Washington State Legislators to Nonprofits: Give Us Your Donor List or Shut Up

January 31, 2018   •  By Alex Baiocco   •    •  

The Washington State Senate recently passed Senate Bill 5991, also known as the “Washington state DISCLOSE Act.” In short, the purpose of the bill is to broaden the state’s donor disclosure regulatory regime. Under current Washington law, generally, only groups organized specifically for engaging in electoral politics are required to report the names and home addresses of their supporters to the government. That personal information is then placed on the internet for all to see by a government agency, the Public Disclosure Commission.

If the so-called DISCLOSE Act makes it through the Washington State House and is signed by the Governor, nonprofits that choose to speak about policy issues will risk running afoul of complex, vague, and burdensome reporting requirements created by the bill. The United States has a long history of nonprofit civic engagement. Under this proposed measure, however, many nonprofits in Washington may simply choose not to speak rather than risk fines or forced public disclosure of their supporters’ personal information.

In fact, a political committee in Washington recently chose to disband because, like other volunteer-run political committees in the state, the group “found it impossible to operate without being repeatedly accused of having failed to comply with all of the requirements” of Washington’s current campaign finance law.
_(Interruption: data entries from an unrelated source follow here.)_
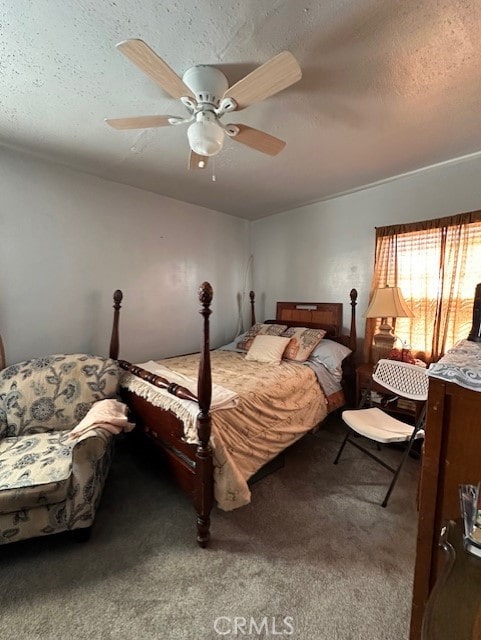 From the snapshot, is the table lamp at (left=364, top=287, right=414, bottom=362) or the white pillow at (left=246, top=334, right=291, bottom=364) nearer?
the table lamp at (left=364, top=287, right=414, bottom=362)

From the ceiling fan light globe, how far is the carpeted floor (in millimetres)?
2077

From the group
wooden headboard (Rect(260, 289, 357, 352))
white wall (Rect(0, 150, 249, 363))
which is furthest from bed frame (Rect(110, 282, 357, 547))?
wooden headboard (Rect(260, 289, 357, 352))

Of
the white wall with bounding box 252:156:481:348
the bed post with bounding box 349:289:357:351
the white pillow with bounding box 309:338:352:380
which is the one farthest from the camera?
the bed post with bounding box 349:289:357:351

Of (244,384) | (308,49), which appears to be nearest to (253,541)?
(244,384)

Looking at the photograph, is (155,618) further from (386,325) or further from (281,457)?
(386,325)

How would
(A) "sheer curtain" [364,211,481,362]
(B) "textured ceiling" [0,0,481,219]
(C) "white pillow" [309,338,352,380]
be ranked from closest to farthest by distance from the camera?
(B) "textured ceiling" [0,0,481,219], (A) "sheer curtain" [364,211,481,362], (C) "white pillow" [309,338,352,380]

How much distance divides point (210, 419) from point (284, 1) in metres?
1.80

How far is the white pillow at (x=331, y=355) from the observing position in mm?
2625

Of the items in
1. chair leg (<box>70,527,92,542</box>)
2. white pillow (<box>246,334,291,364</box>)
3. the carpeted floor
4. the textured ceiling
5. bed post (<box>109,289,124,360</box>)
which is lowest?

Lengthy and confusing reporting requirements, combined with the ability of private parties to bring complaints, inevitably create an environment that incentivizes weaponization of the law for political ends.

In the case of the 49th Legislative District Democrats, a political committee affiliated with the local Democratic Party, a conservative activist was able to effectively silence the group through such tactics. As is often the case with campaign finance laws, the burden of simply responding to the complaint served as a debilitating punishment independent of any final or legitimate enforcement decision.

Regardless of whether the committee did or did not fail to properly comply with the state’s reporting requirements, the circumstances that led to its dissolution likely do not comport with anyone’s idea of justice. No one who values healthy democracy should desire an environment where, instead of engaging in meaningful debate, political opponents try to catch each other tripping over confusing regulations.

A statement from the Clark County Democrats plainly said that the 49th Legislative District Democrats had fallen victim to the weaponization of “Washington’s well-intended but seriously flawed” campaign finance laws.

But instead of trying to address concerns with the law expressed by local leaders within their party, Democrats in the Washington State Legislature (along with several Republicans) are supporting a bill that would make the problem significantly worse.

While precisely what activities will place a nonprofit within reach of the expanded regulatory net remains predictably unclear, one consequence of the DISCLOSE Act is certain: more groups that want to contribute to civic debate in Washington will be exposed to almost exactly the same circumstances that silenced the 49th Legislative District Democrats.

Proponents of the bill claim that it will increase transparency. But the disclosure required by the bill would tell Washingtonians nothing about the inner workings of government or the legislators voting on the bill. Instead, its purpose is to expose the personal information of donors to nonprofits in the state of Washington.

As the Legislative Director of the ACLU of Washington said in testimony before a State Senate committee, “The risk of being forced to disclose membership lists will improperly chill legitimate speech by organizations on matters of public concern. We should encourage more debate on public matters, not discourage it.”

Instead of voting to chill more speech by more organizations, Washington state legislators should focus on fixing the “well-intended but seriously flawed” reporting requirements already on the books.